Shocking. Absolutely shocking.

Sarcasm aside, Snapchat’s settlement of the six-count complaint against it is yet another reminder - as if we need one - that privacy and the Internet just don’t seem to go well together, especially when social media are involved.

We applaud the FTC for taking this company to task for not doing an adequate job to protect its users’ privacy and personal information.

As FTC Chairwoman Edith Ramirez said in a statement, “If a company markets privacy and security as key selling points in pitching its service to consumers, it is critical that it keep those promises.”

But users, too, must be thoughtful - and perhaps a little wary - when sharing information online.

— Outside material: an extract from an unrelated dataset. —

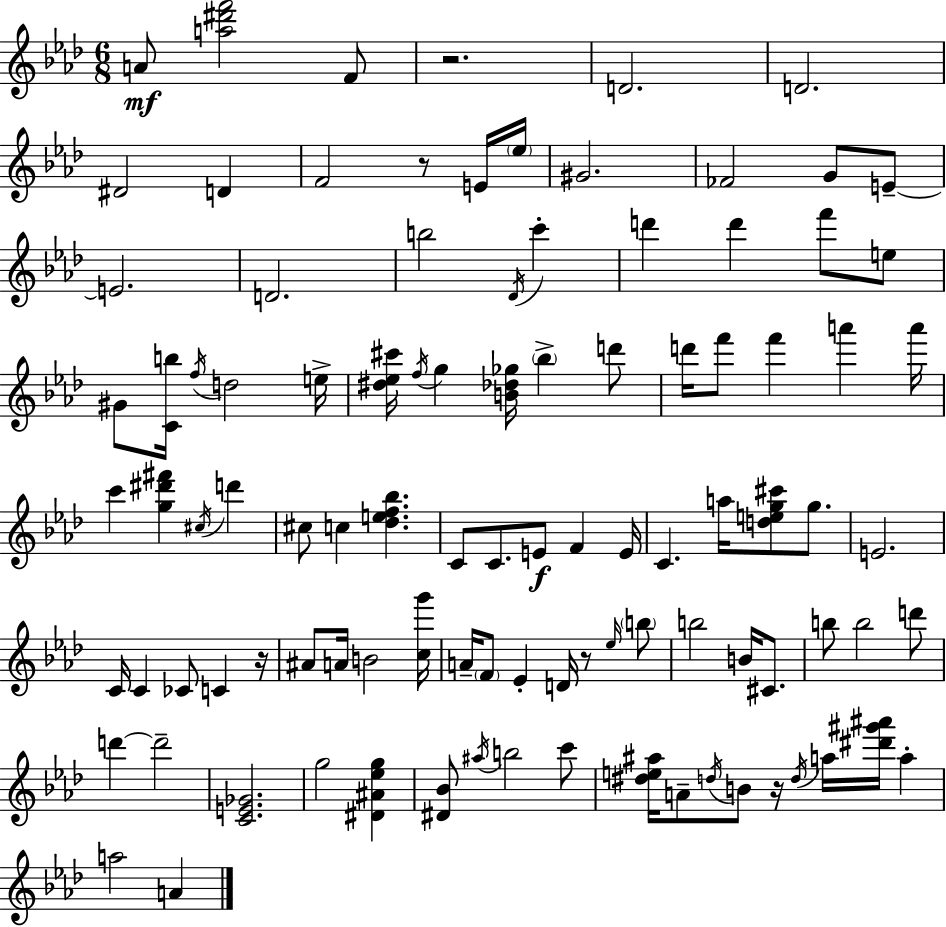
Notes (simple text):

A4/e [A5,D#6,F6]/h F4/e R/h. D4/h. D4/h. D#4/h D4/q F4/h R/e E4/s Eb5/s G#4/h. FES4/h G4/e E4/e E4/h. D4/h. B5/h Db4/s C6/q D6/q D6/q F6/e E5/e G#4/e [C4,B5]/s F5/s D5/h E5/s [D#5,Eb5,C#6]/s F5/s G5/q [B4,Db5,Gb5]/s Bb5/q D6/e D6/s F6/e F6/q A6/q A6/s C6/q [G5,D#6,F#6]/q C#5/s D6/q C#5/e C5/q [Db5,E5,F5,Bb5]/q. C4/e C4/e. E4/e F4/q E4/s C4/q. A5/s [D5,E5,G5,C#6]/e G5/e. E4/h. C4/s C4/q CES4/e C4/q R/s A#4/e A4/s B4/h [C5,G6]/s A4/s F4/e Eb4/q D4/s R/e Eb5/s B5/e B5/h B4/s C#4/e. B5/e B5/h D6/e D6/q D6/h [C4,E4,Gb4]/h. G5/h [D#4,A#4,Eb5,G5]/q [D#4,Bb4]/e A#5/s B5/h C6/e [D#5,E5,A#5]/s A4/e D5/s B4/e R/s D5/s A5/s [D#6,G#6,A#6]/s A5/q A5/h A4/q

Time and time again, we seem to be finding that the “private” information we share with companies, or with others online, is anything but.

Naturally, this makes services such as Snapchat - whose whole marketing platform is based on the idea of disappearing files - all the more appealing.

However, it need not have taken the FTC to tell us that this system is far from foolproof. In fact, you need only read the company’s own language about its product, which reads, “In most cases, once the recipient has viewed a message, it is automatically deleted from Snapchat’s servers and cannot be retrieved.”

Another way of reading this statement would be, “Not all Snapchat messages are automatically deleted from the company’s servers after they have been read.”

Never mind “caveat emptor”; after all, this is a free app. How about, “let the user beware”?